Researchers Warn Legal Marijuana Could be Next Big Tobacco
by Christopher Cadelago
- Report from UCSF institute warns about health risks, industry power
- Researchers wanted measures modeled after Tobacco Control Program
- Backers of main initiative say report is flawed and measure has safeguards
A ballot proposal legalizing recreational marijuana would likely launch a new profit-driven industry similar to Big Tobacco that could impede public health efforts, according to researchers at the University of California, San Francisco.
The 66-page analysis, released Tuesday, is the first in-depth look at the state’s main effort to legalize recreational marijuana this year.
Researchers said they began with the premise that legalizing marijuana makes sense because its prohibition has put too many people behind bars and cost taxpayers too much money.

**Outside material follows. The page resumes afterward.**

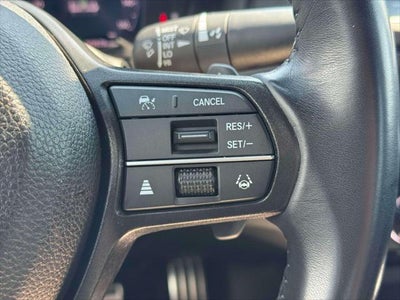 2023 Honda Accord Sport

But they concluded the two potential initiatives they examined would replace a crime problem with a public health issue.
The authors, Rachel Barry and Stanton Glantz, of the UCSF Center for Tobacco Control Research and Education and Philip R. Lee Institute for Health Policy, said the measure most likely to qualify for the ballot establishes a regulatory system similar to the one used for alcohol. They said it would have been better to pattern the guidelines after the state’s Tobacco Control Program, which they credited with reducing the health effects and costs related to tobacco.